Study Finds NPR Airwaves Dominated by White Men
Media watchdog group, Fairness & Accuracy In Reporting, finds very few women and people of color on air at the media organization
A new study by the media watchdog group Fairness & Accuracy In Reporting (FAIR) finds that NPR commentary is overcrowded with white male voices.
The study was based on an examination of transcripts from Jan. 1 to May 31, 2015 of Morning Edition, All Things Considered, Weekend Edition Saturday and Weekend Addition Sunday. It focused on the balance of regular contributors — people who had presented their perspectives in monologue form twice or more on the shows during that time period.
The study found that of these 14 voices, only two were women and only two were people of color. Of the 106 segments that were examined, only 4 percent included female commentators, while 20 percent featured people of color (but no women of color).
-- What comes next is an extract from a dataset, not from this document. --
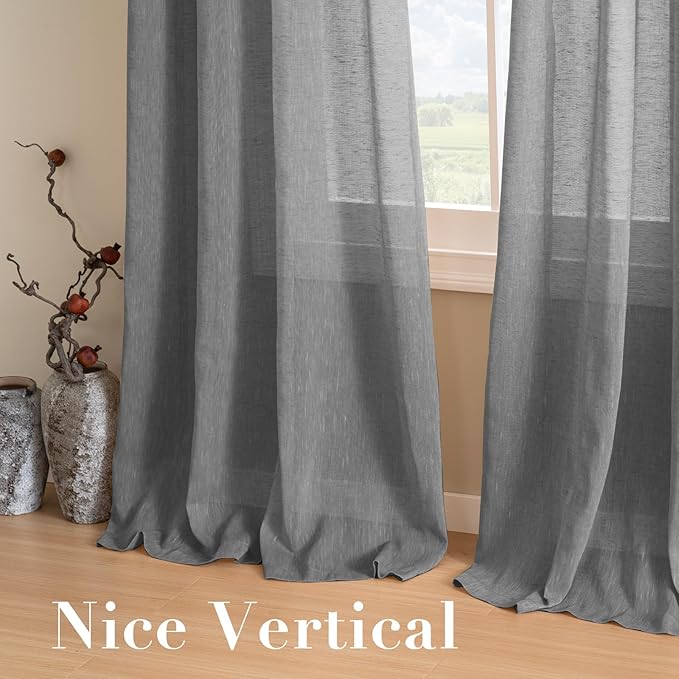 H.VERSAILTEX Linen Curtains Nickel Grommet Natural Linen Semi-Sheer Curtains 2 Panels Privacy Added Premium Soft Rich Material Drapes for Bedroom/Living Room - 37x84 Inch- Charcoal Grey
The two regular female correspondents, Bonny Wolf and Tess Taylor focus on cooking and poetry, respectively. The two minority commentators are Eric Deggans, an African American writer and TV critic, and Betto Arcos, a Mexican-American who covers music culture.
FAIR conducted a similar study of the programs’ in 2003, and the new study reveals that women and people of color have actually lost ground at NPR, making up a smaller share of its regular commentators than 12 years ago. In 2003, women comprised 24 percent of commentators; in 2015, they comprise 14 percent. People of color constituted 20 percent of regular contributors in 2003, while in 2015 they are at 14 percent.
In 2014, NPR put forth a strategic plan for the next three to five years that included the goal of offering a wider range of voices that “better reflect the fabric of America."